Welcome to pydaria documentation!

pydaria is The Data Variability Based Multi-Criteria Assessment Method based on MCDA. This library includes:

  • DARIA class:

    • Data variability measures:

      • gini (Gini coefficient)

      • entropy (Entropy)

      • std (Standard deviation)

      • stat_var (Statistical variance)

      • coeff_var (Coefficient of variation)

    • Variability direction determination direction

    • Calculation of the final overall alternatives efficiency values update_efficiency

  • MCDA method TOPSIS

  • Correlation coefficients:

    • spearman (Spearman rank correlation coefficient)

    • weighted_spearman (Weighted Spearman rank correlation coefficient)
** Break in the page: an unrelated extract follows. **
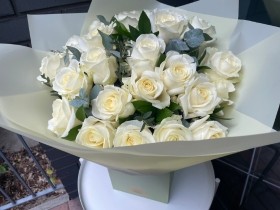 White Roses   Large
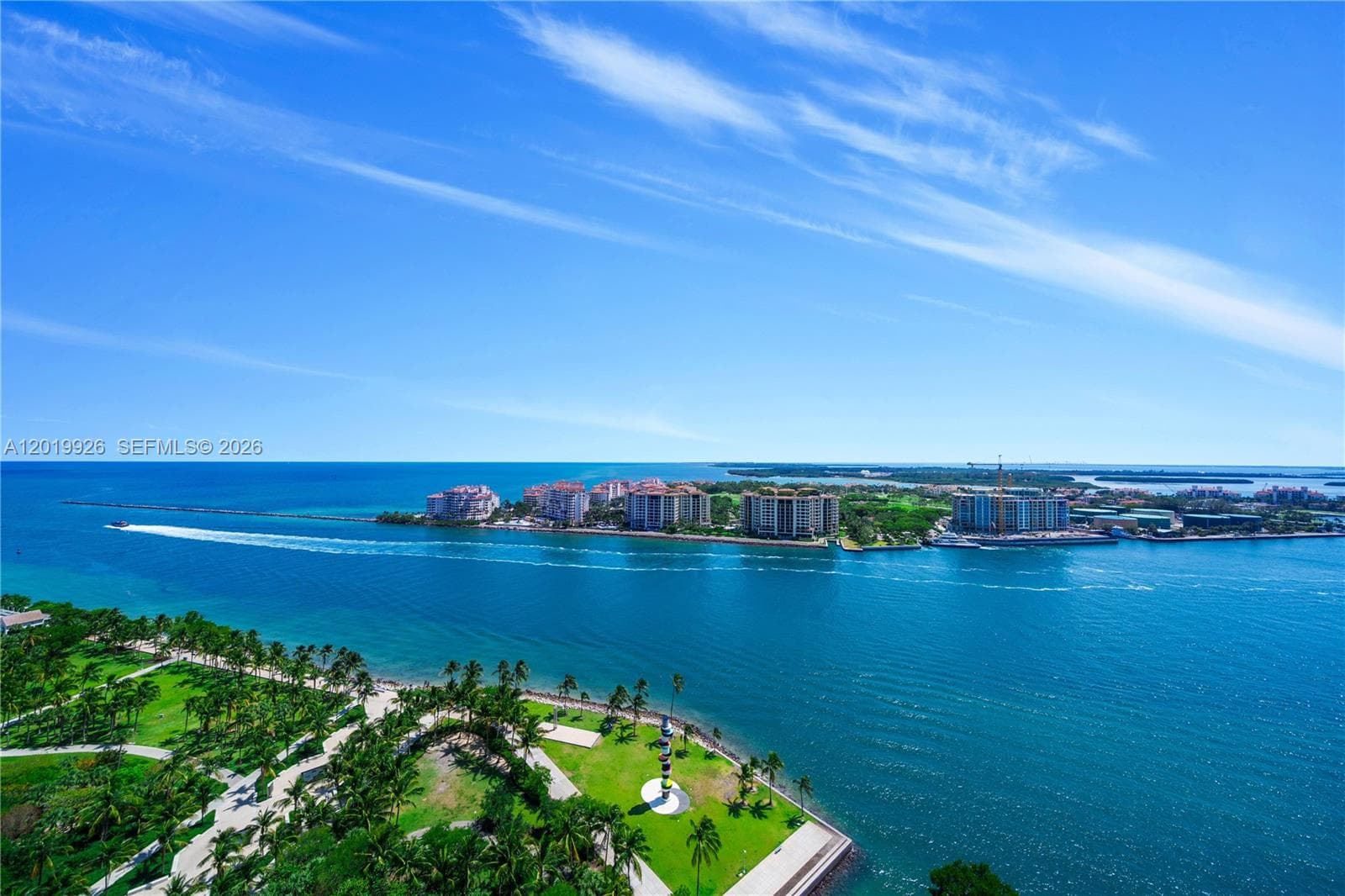 800 S Pointe Dr # 2204, Miami Beach FL 33139 photo 2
    • pearson_coeff (Pearson correlation coefficient)

    • WS_coeff (Similarity rank coefficient - WS coefficient)

  • Methods for normalization of decision matrix:

    • linear_normalization (Linear normalization)

    • minmax_normalization (Minimum-Maximum normalization)

    • max_normalization (Maximum normalization)

    • sum_normalization (Sum normalization)

    • vector_normalization (Vector normalization)

  • Methods for determination of criteria weights (weighting methods):

    • equal_weighting (Equal weighting method)

    • entropy_weighting (Entropy weighting method)

    • std_weighting (Standard Deviation weighting method)

    • critic_weighting (CRITIC weighting method)

  • additions:

    • rank_preferences (Method for ordering alternatives according to their preference values obtained with MCDA methods)

Check out the Usage section for further information.

Note

This project is under active development.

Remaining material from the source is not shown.